I was disappointed but anyone who has been in one of those "just around the corner" situations knows why I pushed on. It seemed so close! I then just started fiddling with the dial. I notices that with tension on the dial it moved similar to how a Masterlock combination lock moves when you tug on the shackle. A Masterlock does this because it has a very primitive "anti-manipulation" device built in. The first fly wheel is shaped like a cog. This means that it gives a series of "false" indicators as you attempt to manipulate it. If the lock I am dealing with has a something like this then it means that the entire first graph may need to be thrown out. The 91 and the 24 may just be reading low points on this cog shaped wheel as oppose to reading gaps of the fence gates in the other wheels. What I would then need to do, in order to get more accurate readings, is start a new graph by continually parking the dial at the low point in the coged wheel. Sadly by this point I just had to walk away. One thing I learned from this first attempt is that safe manipulation is one of the most mentally exhausting challenges of my life! I'll be back next week to have another go. In the mean time I'll just reflect on what I have learned so far and plan the next attempt!

Re: Hall's Safe & Lock Co. 1893 or older...

PostPosted: Wed Feb 06, 2013 10:58 am
by femurat
Great Job Cooper. Stick with your numbers. Even if you've found just false gates, keeping the wheels at those false gates should allow you to find other gates, true or false ones.
I'd check again the tryout combos (50,91,91 ecc) to be sure which wheel the gate are on, and then start your last graph again. You should find a gate on that wheel...

Good luck :-)

Re: Hall's Safe & Lock Co. 1893 or older...

PostPosted: Thu Feb 07, 2013 9:03 pm
by Oldfast
Looks like a great set-up Cooper. Exciting stuff! Keep at it.

Re: Hall's Safe & Lock Co. 1893 or older...

PostPosted: Fri Feb 08, 2013 5:59 am
by Cooper
Thanks guys, I'll probably get my next opportunity next Sunday. I'll let you guys know how that goes.

Re: Hall's Safe & Lock Co. 1893 or older...

PostPosted: Fri Feb 08, 2013 7:53 am
by Oldfast
Cooper wrote:....with tension on the dial it moved similar to how a Masterlock combination lock moves when you tug on the shackle. A Masterlock does this because it has a very primitive "anti-manipulation" device built in. The first fly wheel is shaped like a cog. This means that it gives a series of "false" indicators as you attempt to manipulate it....

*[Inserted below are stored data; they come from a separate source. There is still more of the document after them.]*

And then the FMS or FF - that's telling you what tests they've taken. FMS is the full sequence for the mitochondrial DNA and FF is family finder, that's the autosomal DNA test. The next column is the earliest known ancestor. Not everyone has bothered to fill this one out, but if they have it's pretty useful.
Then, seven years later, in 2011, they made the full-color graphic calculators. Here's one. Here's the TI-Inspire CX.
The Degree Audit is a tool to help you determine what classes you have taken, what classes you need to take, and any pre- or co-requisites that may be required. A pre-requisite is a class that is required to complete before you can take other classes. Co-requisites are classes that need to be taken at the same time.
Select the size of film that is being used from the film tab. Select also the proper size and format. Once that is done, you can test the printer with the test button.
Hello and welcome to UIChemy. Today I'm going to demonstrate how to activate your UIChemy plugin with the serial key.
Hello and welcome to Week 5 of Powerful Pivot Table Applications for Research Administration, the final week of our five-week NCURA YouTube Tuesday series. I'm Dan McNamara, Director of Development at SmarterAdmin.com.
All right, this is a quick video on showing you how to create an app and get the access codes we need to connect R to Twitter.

Dunno if this would help or not, but: With my Sentry safe I've noticed I'm able to differenciate true from false on that wheel.
Each time the boltwork drops into one of these gates, I leave the tension on, then move the wheel back and forth. You can
actually feel the boltwork drag/scrape across the bottom of the shallow gate if it false. When I come across the true gate,
there is no drag because the gate is deeper... it's the true gate.

If this would even work on a safe like this, I dunno... maybe worth a try.
You may have to isolate the wheel, or even park the other ones in low areas.

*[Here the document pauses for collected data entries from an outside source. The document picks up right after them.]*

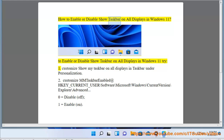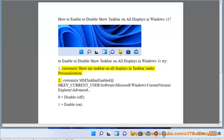How to enable or disable 'Show taskbar on all displays' in Windows 11. To do this, go to Settings and customize 'Show my taskbar on all displays' found under Taskbar settings in Personalization.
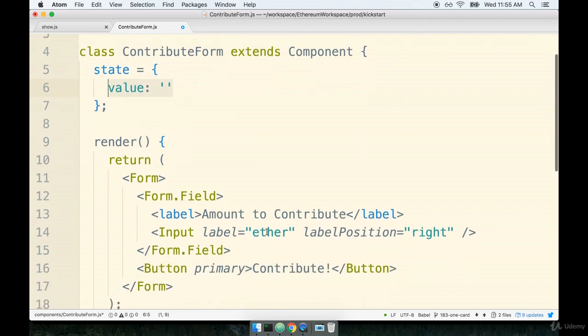We'll then set up a couple of onChange handlers inside of the input and also set up our onSubmit on the form as well.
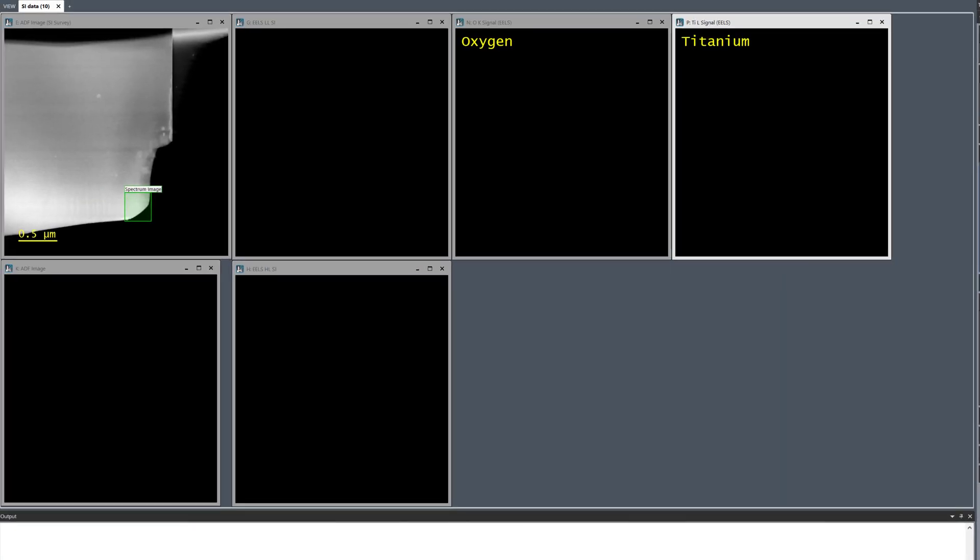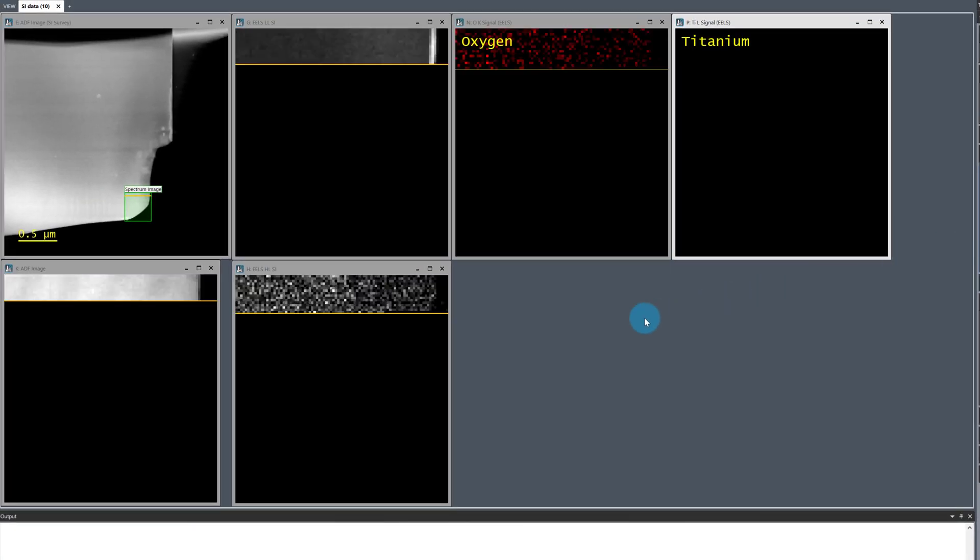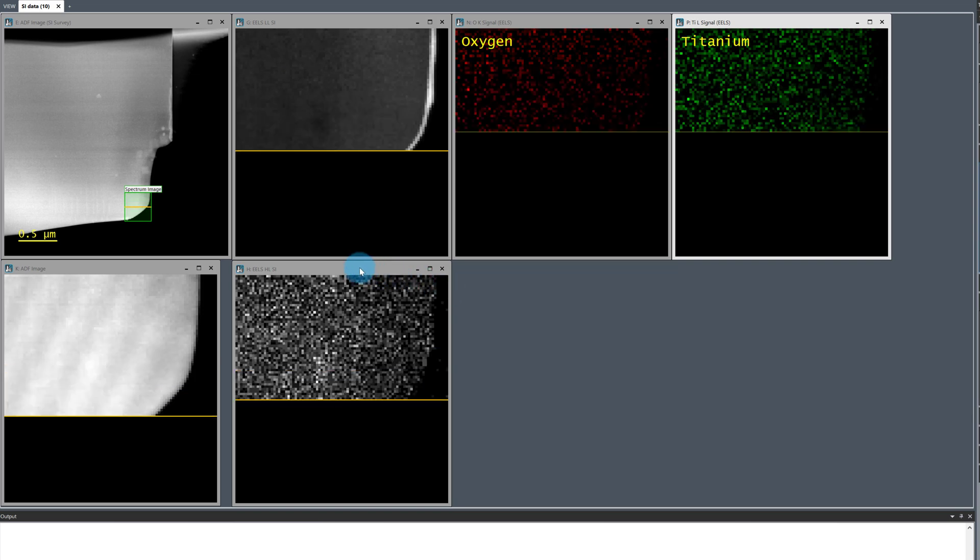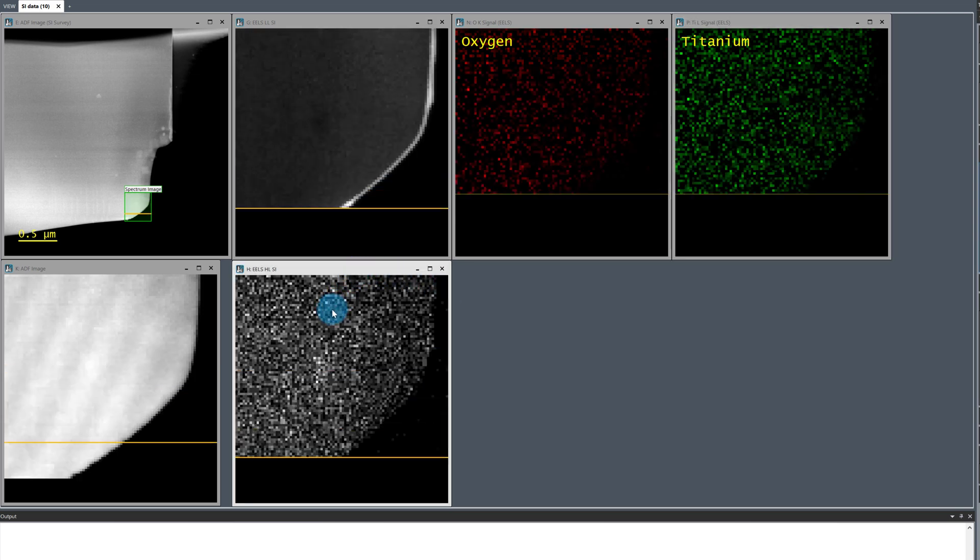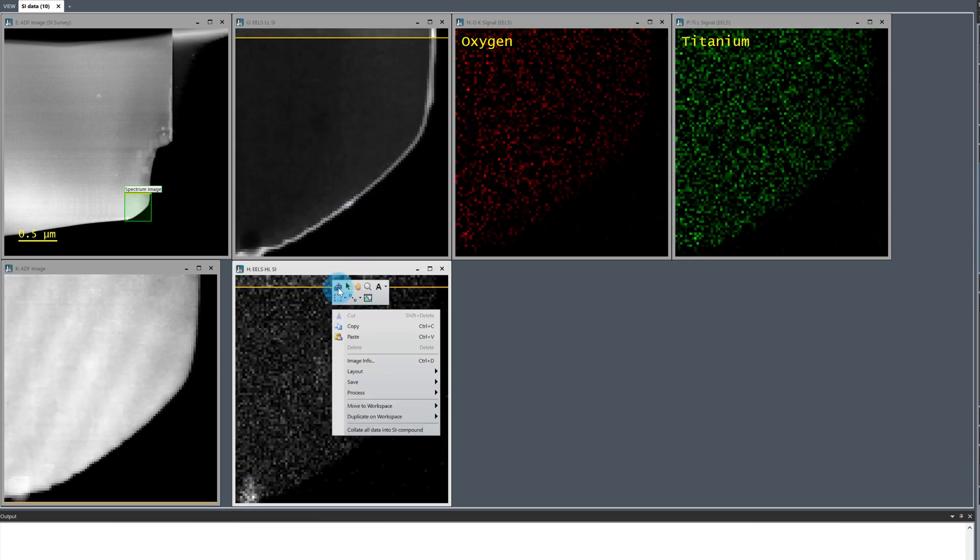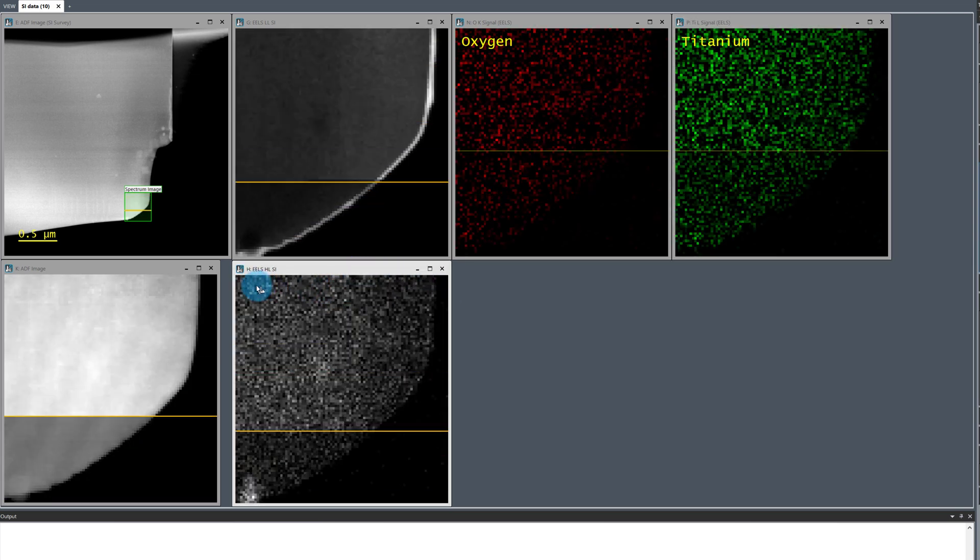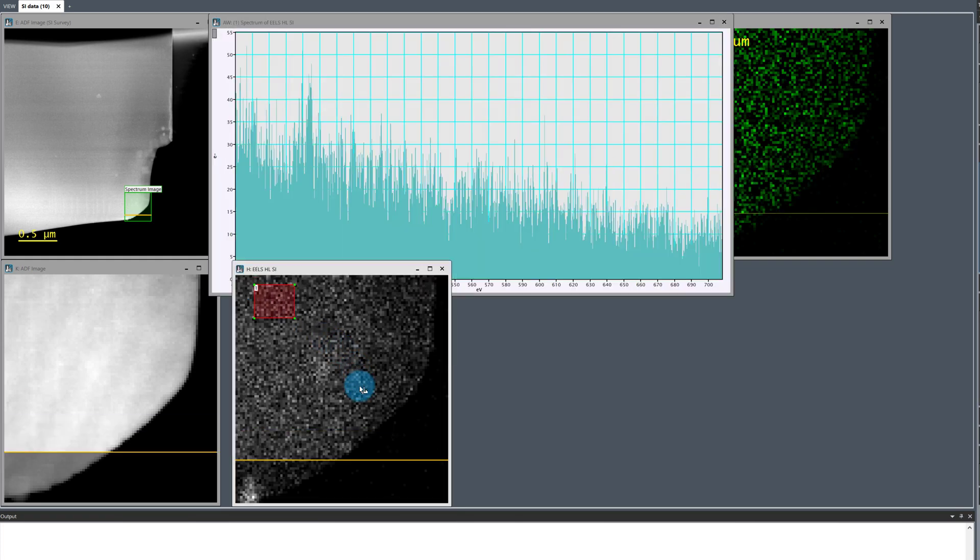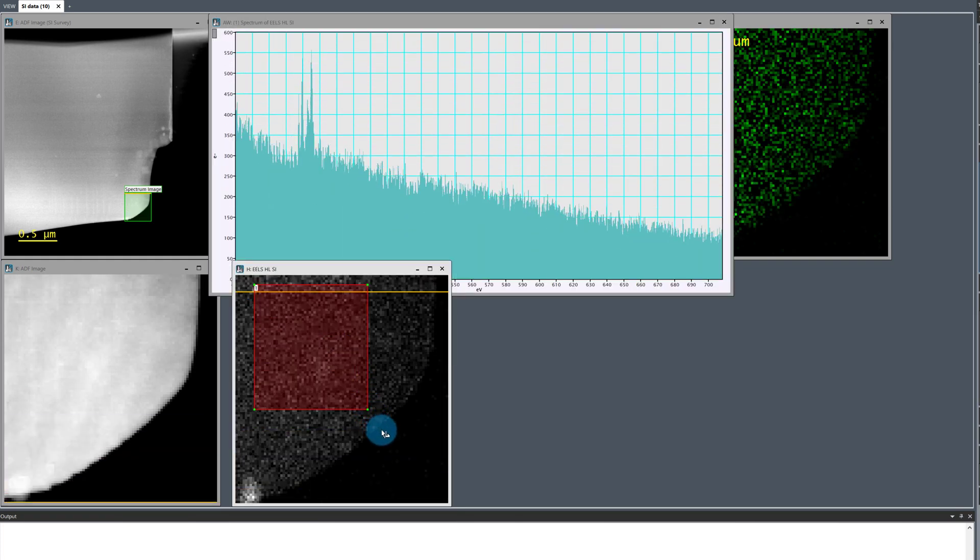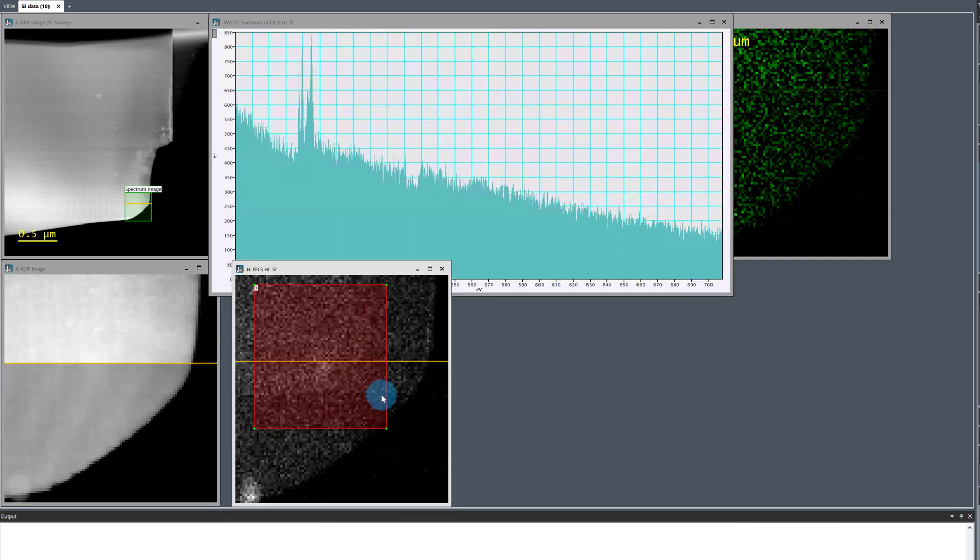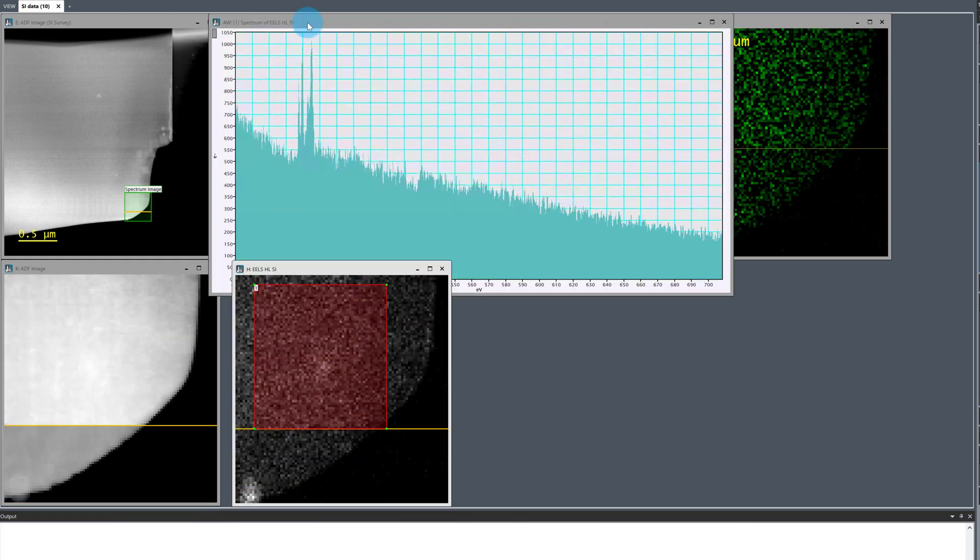As you can see, the steps to acquire spectrum image data in digital micrograph using the Stellar camera are much the same as any of our other supported EELS cameras and all of the processing and analysis tools that we are familiar with behave as you'd expect.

Really enjoying following your journey. Keep it up!

Also, I think you've done a great job with your testing to tryn' determine which wheels your possible gates are on.
If your results are not definitive enough though, you can always couple it with a second test. Choose a high test
number and run it... then choose a low test number and run it. (10 higher & 10 lower than the indication maybe).
If the test results coincide with each other, you can be that much more certain as you proceed.

Another thing you could try is to isolate a particular wheel and see if your indication still appears when running it.
In other words, if you think 91 is on w2... then run only w2, keeping wheels 1 & 3 parked in the same position
each time you take a reading on w2. If the indication still occurs, you can be certain it's on w2 since it's the
only one you're moving. Keep in mind though, this is not an absolute method. There's always a chance that
one or more wheels are in a high area, not allowing a gate on another to be read.